Mouthfeel is the physical sensation a food or drink creates in the mouth, including the tongue and the roof of the mouth. It is different from taste or flavor, though some mouthfeel terms overlap with flavor or aftertaste.

The term "mouthfeel" (or "mouth feel") may be used to describe the sensation produced when a food / drink is in the mouth or after it has been swallowed (as is the case with the drying sensation caused by astringent tastes). The term is best-known for its use in wine tasting, but it also applies to other beverages, such as coffeetea and beer, and is central to food rheology (the science of food textures).

"Body" in Mouthfeel

In discussions of mouthfeel for beverages, you'll often hear people refer to the "body" of a drink. This has to do with how heavy, thick or viscous it feels in the mouth and throat. The easiest way to think of it is like milk: skim milk is light-bodied, 2% milk is medium-bodied and full-fat milk is full-bodied (or heavy-bodied).

The separation between, say, full-bodied and medium-bodied is different depending on the beverage in question--it's all relative. For example, a full-bodied beer is likely to feel heavier and more viscous in the mouth than a full-bodied tea.

Examples of Mouthfeel in Tasting

Perhaps the best example of mouthfeel in wine, tea and coffee tasting is astringency, which is often considered to be a taste, but which is actually a drying sensation on the tongue and in the mouth. Other common descriptors for mouthfeel in coffee, wine, beer and tea tasting include:

  • Delicate or light
  • Heavy or dense
  • Smooth or rough
  • Watery
  • Creamy or milky
  • Oily, buttery or viscous
  • "Tea-like" (a common mouthfeel descriptor in coffee tasting)
  • Silky
  • Velvety
  • Coating
  • Drying
  • Metallic
  • Mouth-watering, moistening or saliva-inducing
  • Tingly, effervescent or bubbly
  • Powdery (a term sometimes used in beer tasting) 
  • Warming or cooling
  • Minty or refreshing
  • Brisk

In food tasting, other common mouthfeel descriptors include firm / hard, soft / tender, chewy, gelatinous / jelly-like, gummy, slimy / slippery, grainy, crisp / crunchy, fresh / stale, ripe, resilient / springy, spreadable, chunky and crusty.

Mouthfeel in Chinese Tea Tasting

In Chinese tea tasting terminology, you'll find several ways of identifying mouthfeel that are different from Western tea tasting terms. As a category, mouthfeel is known as Co Gan in Chinese tea tasting.
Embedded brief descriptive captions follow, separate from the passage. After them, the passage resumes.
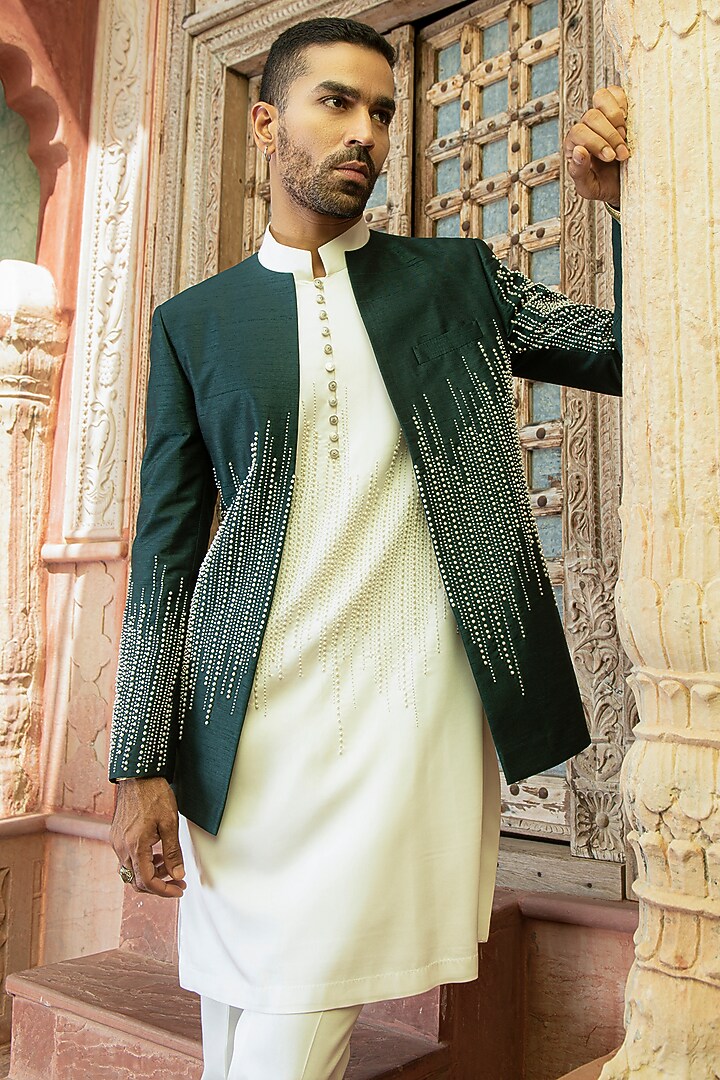Forest Green Silk Dupion Blend Embroidered Wedding Indowestern Set by Abkasa at Pernia's Pop Up Shop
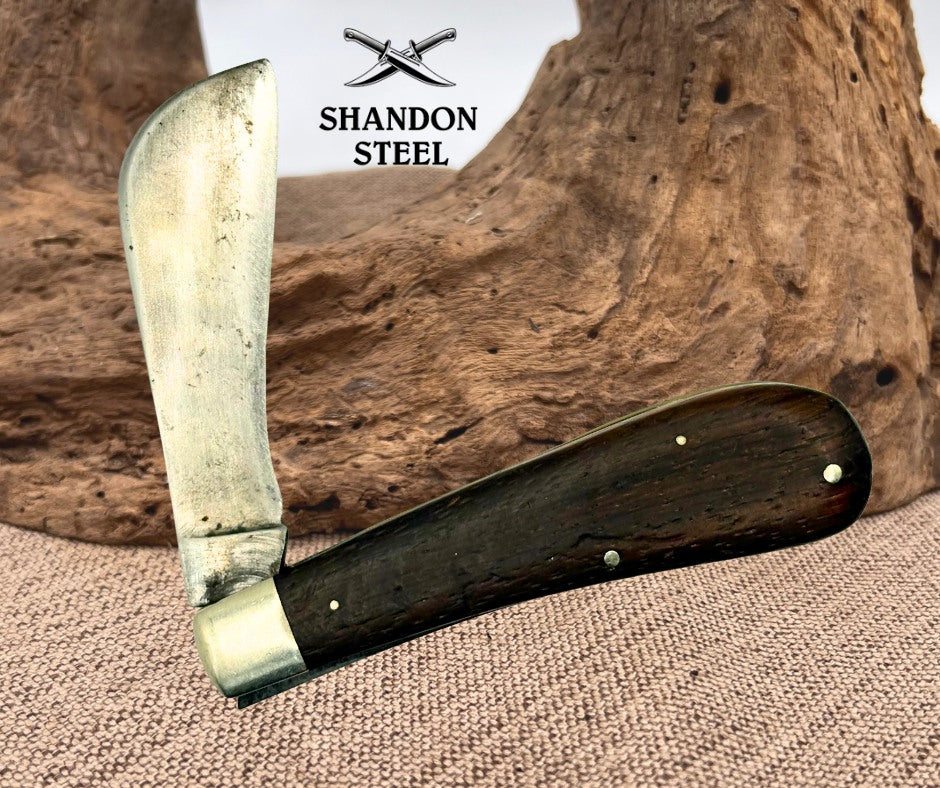 KA-BAR USA Vintage Hawkbill Folding Pocket Knife Carbon Steel Wood Handle (79)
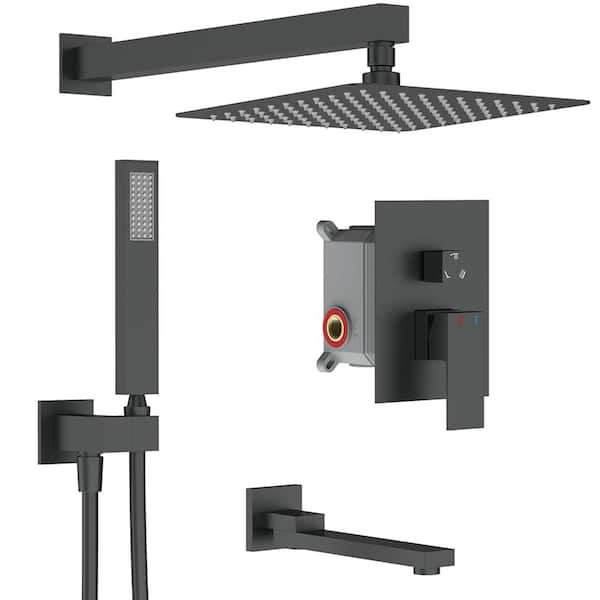 Single-Handle 3-Spray Hand Shower Tub and Shower Faucet with 12 in. Wall Mount Rain Shower Heads in Matte Black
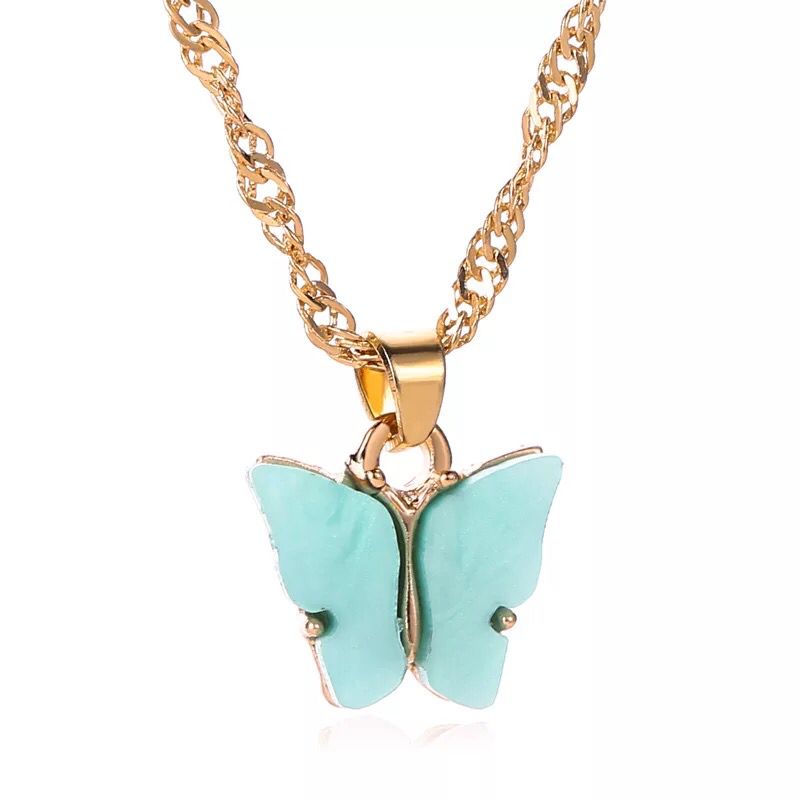 Yu Fashions Cute Butterfly Charm Pendent Korean Necklace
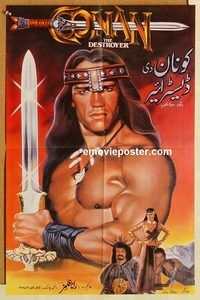 t286 CONAN THE DESTROYER 18.5x28.5 Pakistani movie poster '84 Arnold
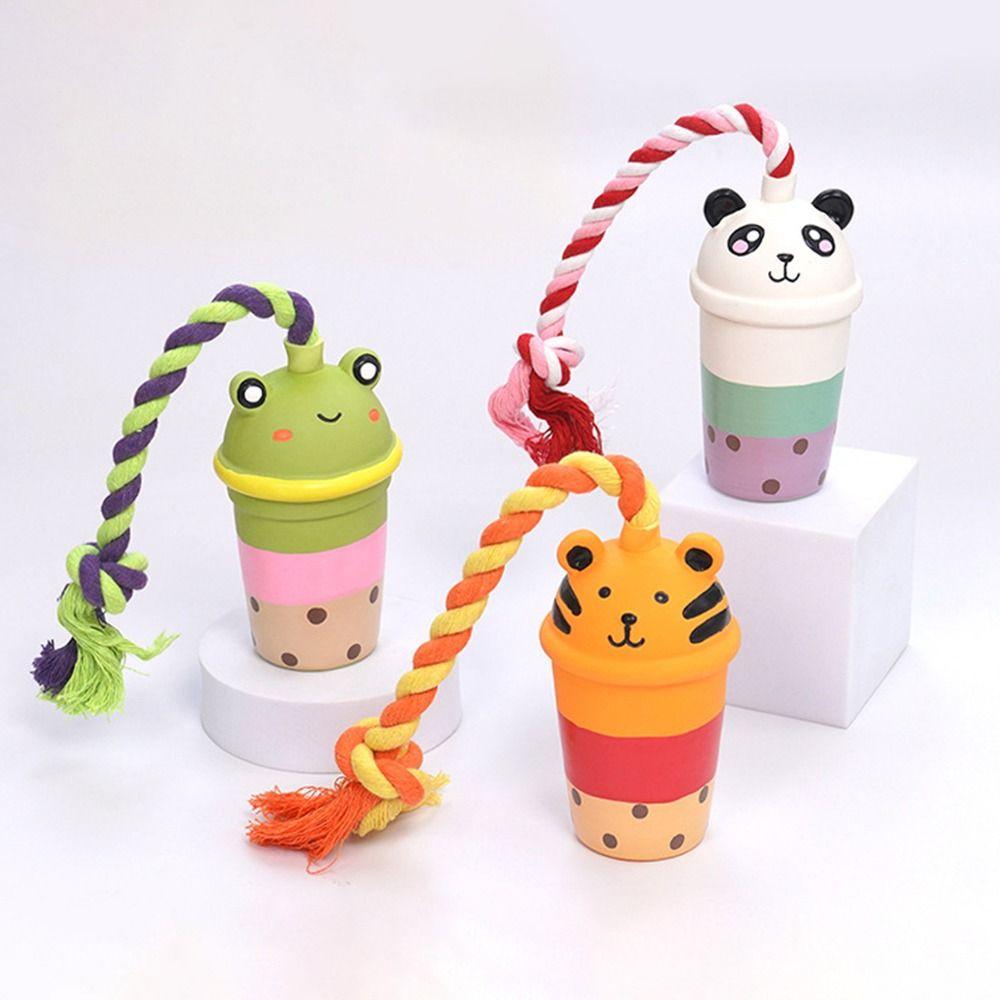 

Creative Pet Squeeze Sound Toy Animal Milk Tea Shape Dog Chewing Rope Toy Puppy Frog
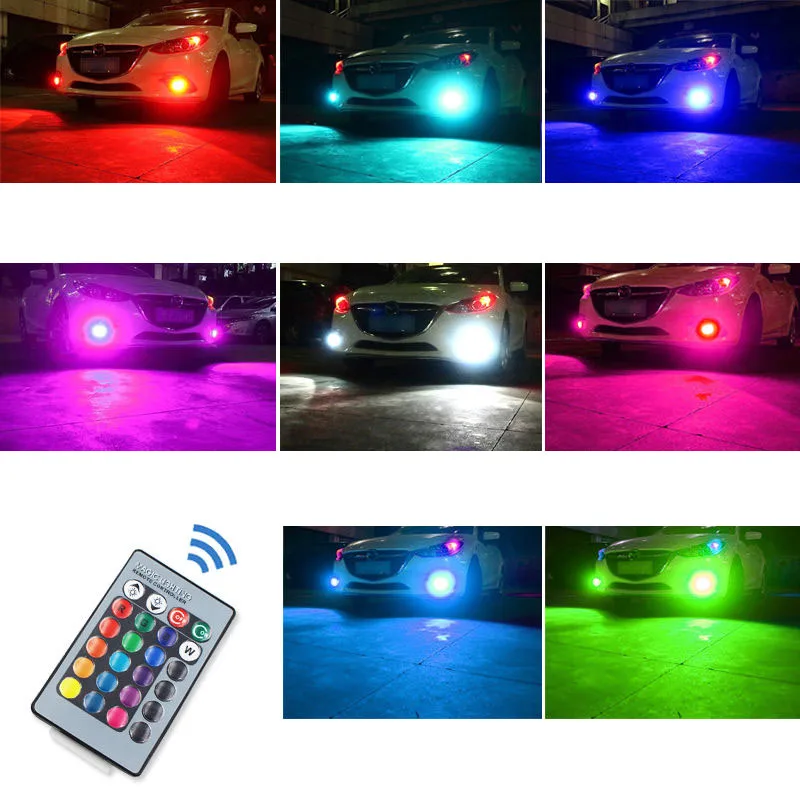 JX-LCLYL 2pcs RGB Wireless Control H11 27LED Decoration DRL Fog Light Bulbs+Remote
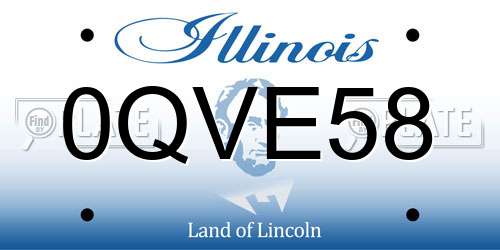 0QVE58 Illinois License Plate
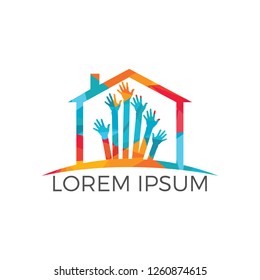 Orphan children home logo design. Child care parenting education and adoption vector logo design.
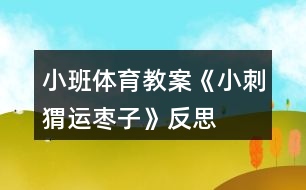 小班體育教案《小刺猬運棗子》反思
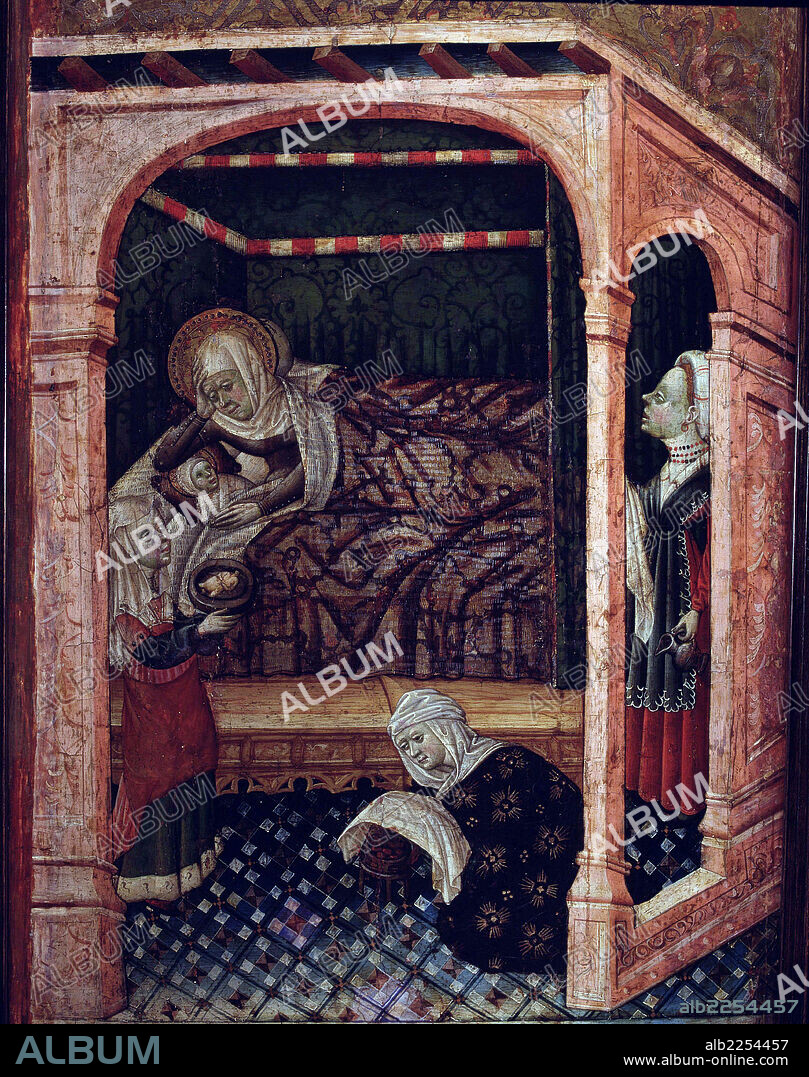 BLASCO DE GRAÑEN. PINTOR ESPAÑOL. ESCUELA ARAGONESA S/XV. " NACIMIENTO DE LA VIRGEN ". MUSEO BELLAS ARTES. BILBAO VIRGEN MARIA.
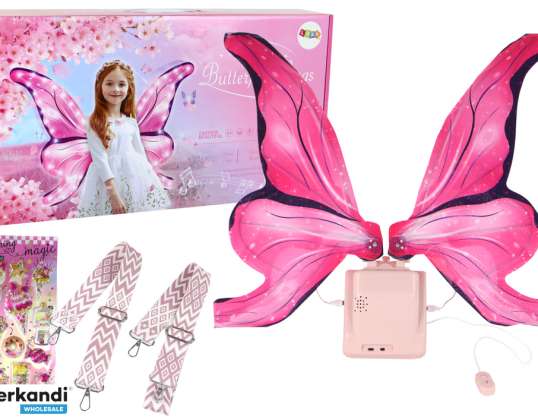 Schmetterlingsflügel Fee LED Melody Pink Set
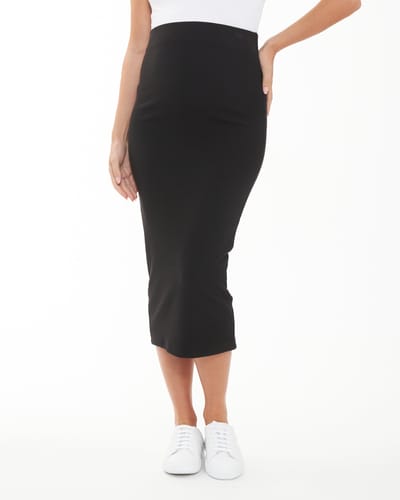Ripe Maternity Ribbed Knit Pencil Skirt Black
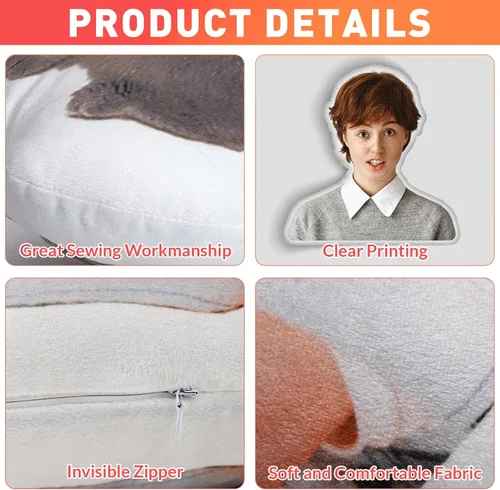 Miniatura 6 de Almohadas personalizadas con imagen, almohada facial personalizada para perros y gatos, regalos personalizados para cumpleaños para mujeres, hombres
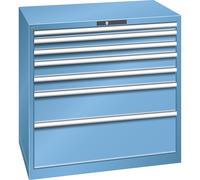Cajonera, chapa de acero LISTA, H x A 1000 x 1023 mm, 7 cajones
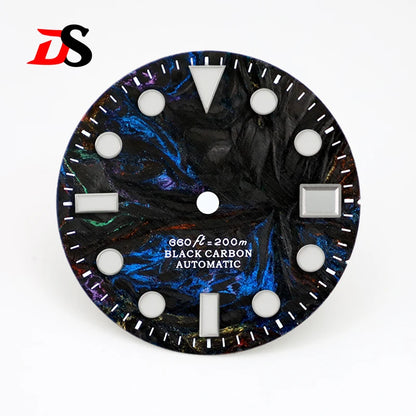 28.5mm Dial Rich Color Lava Dial YM Index Carbon Fiber Dial BGW9 C3 Lume for NH35 Movement 3o'clock Date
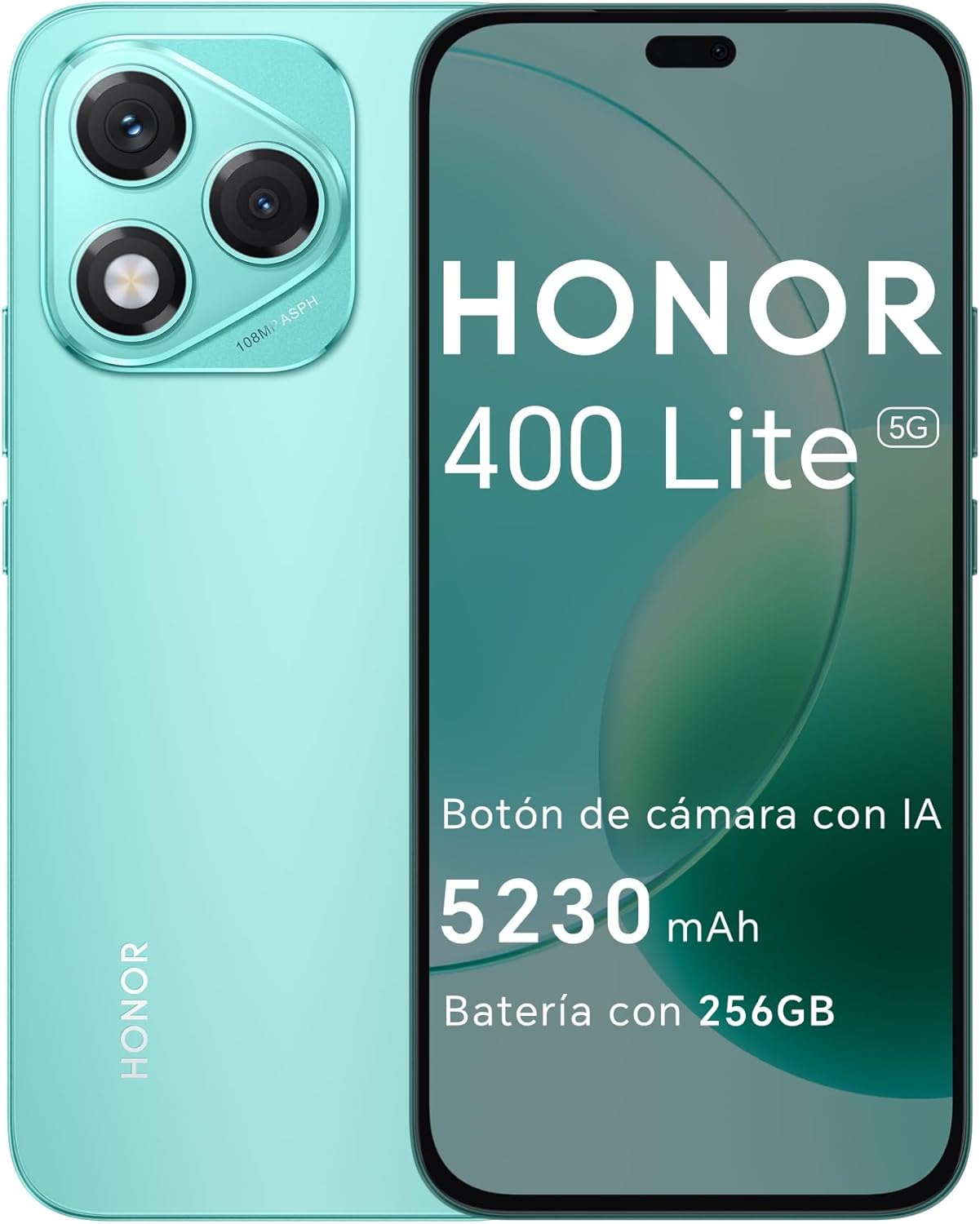 Honor 400 Lite 5G - Smartphone de 8GB+256GB, Dual SIM NFC, 108MP con Botón con IA, 6.7'', Pantalla AMOLED con protección de la Vista, Batería de 5230mAh, IP65&SGS, MagicOS 9.0, Velvet Gray - 3
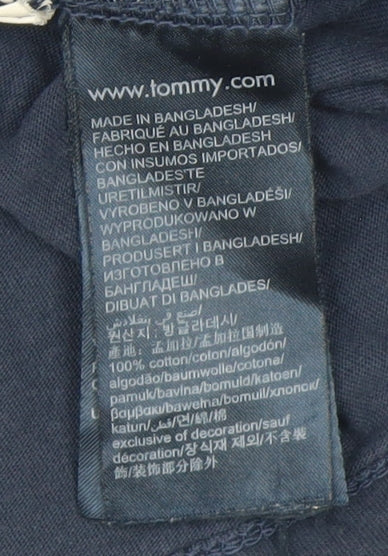 Tommy Hilfiger Men's Blue Long Sleeve T-Shirt Organic Cotton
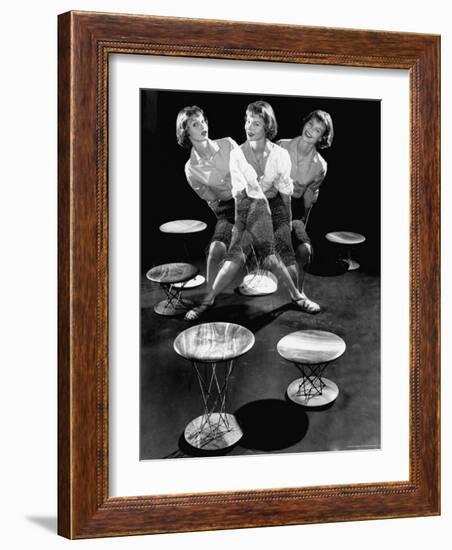 Multiple Exposure Showing Woman Oscillating on a Teeter Seat Designed by Isamu Noguchi-Eliot Elisofon-Framed Photographic Print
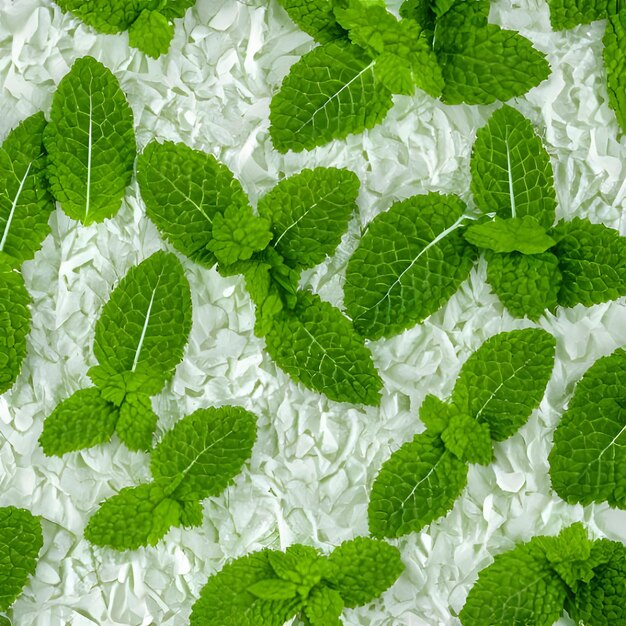 Photo a texture of white and green mint leaves that are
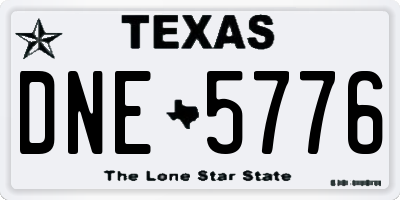 TX license plate DNE5776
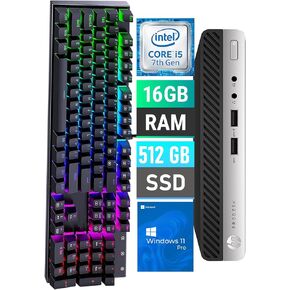 HP ProDesk 400 G3 Tiny Desktop PC, Intel Core i5-7500, 16 GB RAM, 512 GB SSD, Keyboard and Mouse, VGA, DisplayPort, Windows 11 Pro (Renewed)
Co Gan categories include:

  • Fong Fu, a term roughly equivalent to "full-bodied"
  • Gan, a combination of mouthfeel and taste
  • Hui gan, a combination of mouthfeel and aftertaste
  • Ruan, a mouthfeel-specific tea term
  • Se, a combination of flavor, aftertaste and mouthfeel
  • Shen Jing, a combination of flavor and mouthfeel

The Human Element in Mouthfeel

Although attempts have been made to quantify mouthfeel with various technologies, there are not yet any technological alternatives that compare to the human ability to sense and identify mouthfeel characteristics.

This is in part because mouthfeel centers around a complex set of sensations and associations, which are extremely difficult for a machine to analyze and quantify.

It is also influenced by the fact that mouthfeel can vary substantially from when a food or drink first passes through the lips to when it is partially or fully chewed (in the case of food) to after it is swallowed. (For example, a tea may start off with a creamy texture and end with a mouth-watering sensation, or start with a rough mouthfeel and finish with a drying astringency.)